Le Tribunal Administratif de Nîmes, par une ordonnance du 14 janvier 2026, a constaté le désistement d’office de M. A... B... de son recours en excès de pouvoir dirigé contre un arrêté préfectoral du 26 novembre 2025 suspendant son permis de conduire pour trois mois. Ce désistement a été prononcé sur le fondement de l’article R. 612-5-2 du code de justice administrative, le requérant n’ayant pas confirmé le maintien de sa requête en annulation dans le délai d’un mois suivant le rejet de sa demande de suspension par le juge des référés. La solution retenue est donc le constat du désistement, sans examen au fond de la légalité de la suspension.
Texte intégral
Vu la procédure suivante :
Par une requête, enregistrée le 8 décembre 2025, M. C... A... B..., représenté par Me Manon Bou Martinez demande au tribunal :
1°) d'annuler l'arrêté n°2025-84-1840 du 26 novembre 2025 par lequel le préfet de Vaucluse a suspendu la validité de son titre de conduite pour une durée de trois mois ;
2°) d'enjoindre la restitution de son permis de conduire.

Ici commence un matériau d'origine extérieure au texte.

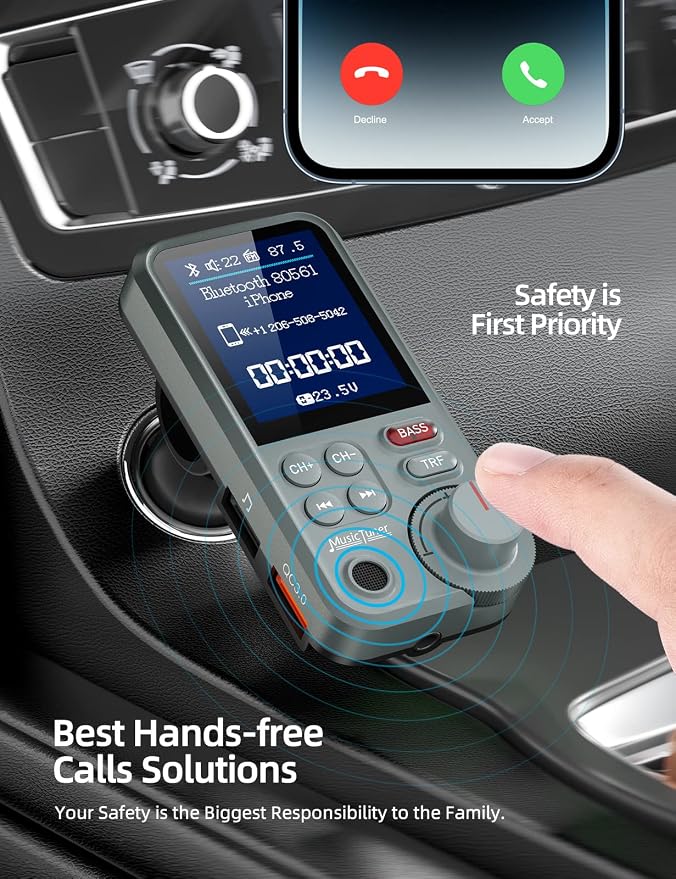 Nulaxy FM Bluetooth Transmitter for car, Strong Microphone Bluetooth Car Adapter with 1.8" Color Screen for Hands-Free Calls, Supports QC3.0 Charging, Treble and Bass Sound Music Player- KM30 Grey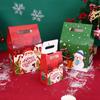 Empaque para hornear en Navidad bolsa de papel portátil caja de empaque crujiente de copo de nieve caramelo turrón galletas caja pequeña de mano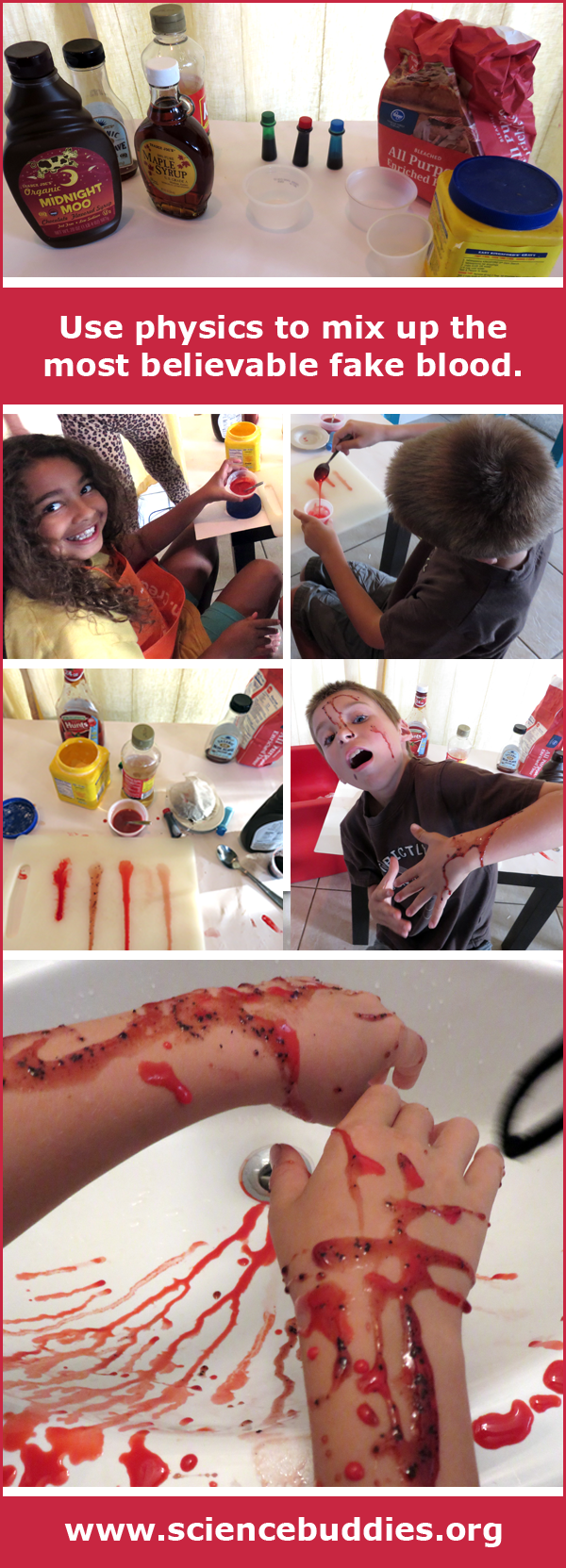 Photo collage of children mixing together fake blood from various syrups and food coloring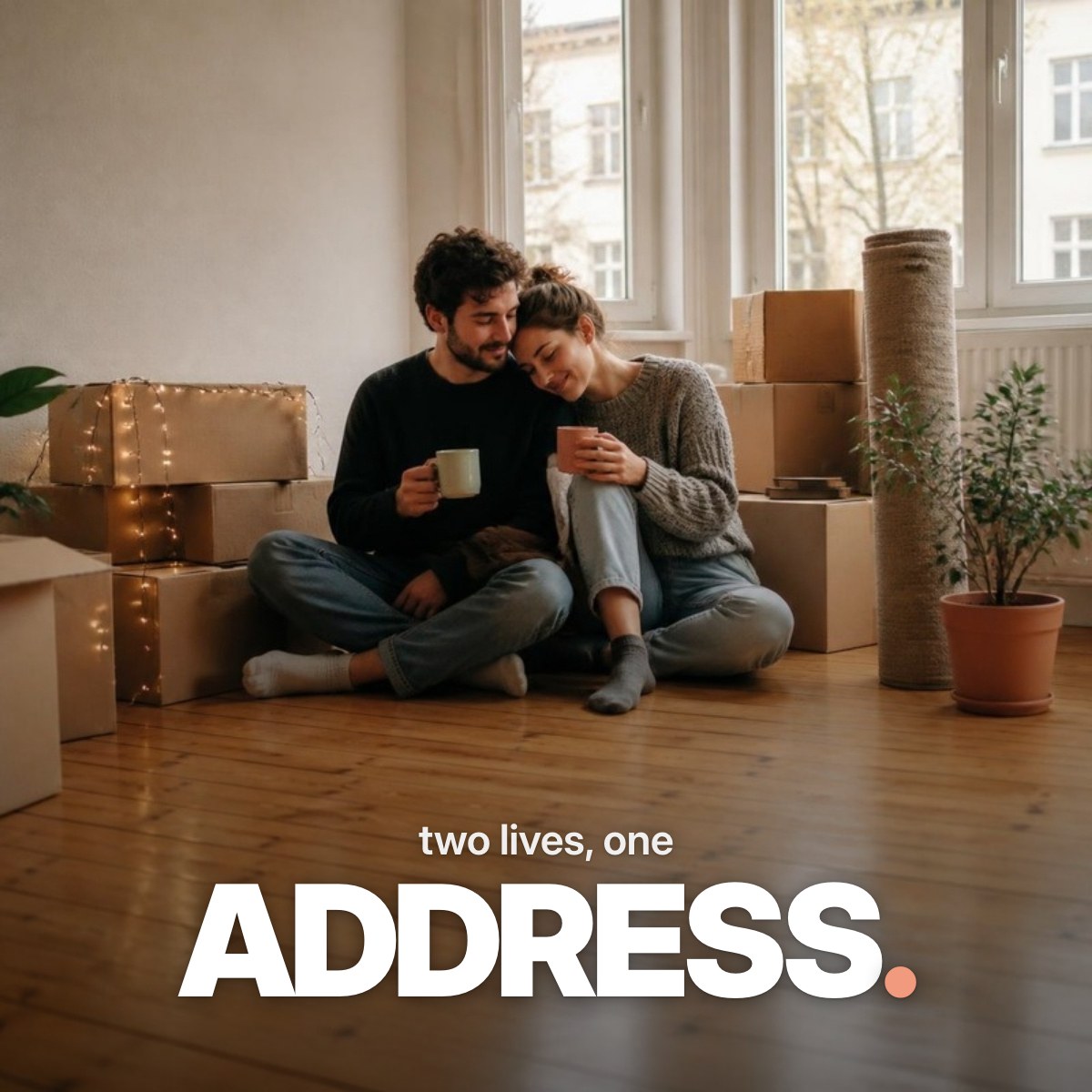 Schriftzug ‚two lives, one ADDRESS.‘ über einem Foto eines jungen Paares, das mit Teetassen zwischen Umzugskartons auf dem Holzboden seiner hellen, noch leeren ersten gemeinsamen Wohnung sitzt.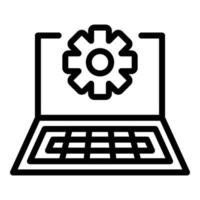 Service help computer icon, outline style vector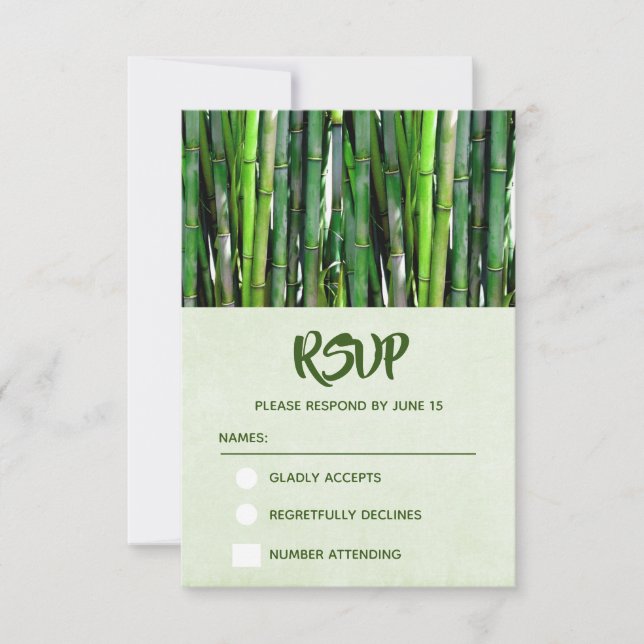 Green Bamboo Stalks Nature Photography Birthday RSVP Card (Front)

Vu les autres pièces du dossier.
Vu l’ordonnance n°2505199 rendue par le juge des référés le 10 décembre 2025 et la preuve de sa notification.
Vu le code de justice administrative.
Considérant ce qui suit :
L'article R. 222-1 du code de justice administrative dispose que « (…) les présidents de formation de jugement des tribunaux (…) peuvent, par ordonnance : / 1( donner acte des désistements (...) ». Aux termes de l’article R. 612-5-2 du même code, « En cas de rejet d'une demande de suspension présentée sur le fondement de l'article L. 521-1 au motif qu'il n'est pas fait état d'un moyen propre à créer, en l'état de l'instruction, un doute sérieux quant à la légalité de la décision, il appartient au requérant, sauf lorsqu'un pourvoi en cassation est exercé contre l'ordonnance rendue par le juge des référés, de confirmer le maintien de sa requête à fin d'annulation ou de réformation dans un délai d'un mois à compter de la notification de ce rejet. A défaut, le requérant est réputé s'être désisté. ».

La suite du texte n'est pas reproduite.